HOUSING ORGANISATIONS SAY MINISTERS SHOULD THINK AGAIN ABOUT UNFAIR RENT HIKES FOR HARD-WORKING COUNCIL TENANTS
As the Government’s Housing Bill approaches the next stage in its bumpy ride through the House of Lords, tenant and housing campaigners have called on Ministers to drop proposals (labelled “Pay to Stay”) announced in George Osborne’s 2015 Budget to charge unaffordable market rents to households in council homes earning as little as £30,000 a year. They have published a report using tenants’ own words to explain why the policy is wrong.
The full report can be read by clicking on this link.
Tenant representative organisation TPAS and housing campaign SHOUT point out in the document that the proposal could well affect households who are not well off (for example two people earning just over the national living wage), and flies in the face of the Government’s aims of encouraging aspiration and reducing welfare dependency.
It would punish people for getting on in life, and increase dependency on welfare. It would also be an administrative nightmare and breach of taxpayer confidentiality, embroiling tenants and landlords in complex and intrusive bureaucracy. In a little-noticed clause in the Bill, the Government proposes to hand over confidential HMRC data on tenants’ incomes to councils, housing associations and even private companies like Capita.
After defeating the Government in three votes on the Bill this week, and forcing it into concessions on other issues, peers look set to challenge Pay to Stay as well. Former Civil Service chief and housing expert Lord Kerslake and others have put down amendments which would leave it up to councils whether or not to implement the policy, raise the proposed income limits to £40,000 a year (£50,000 a year in London) and stop the government taking more than 10p in extra rent for every extra pound of income.
TPAS Chief Executive Jenny Osbourne said:
“The Government should listen to tenants and housing experts and drop this unfair tax on aspiration and hard work.
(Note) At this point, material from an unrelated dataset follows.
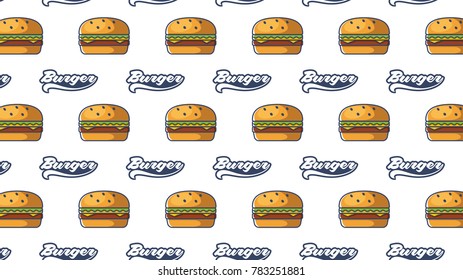 Fastfood seamless pattern design template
Council tenants who work hard, get on in life and are already paying their full rent shouldn’t be punished with swingeing rent increases or be forced out of their homes.”
SHOUT leading campaigner Alison Inman said:
“I hope that, having listened to the arguments of all parties on other aspects of the Bill this week, the Government will also agree to make the kinds of changes being suggested by Bob Kerslake and other distinguished peers and agree to the very sensible changes they are proposing, if it can’t see its way to dropping this mistaken idea altogether.”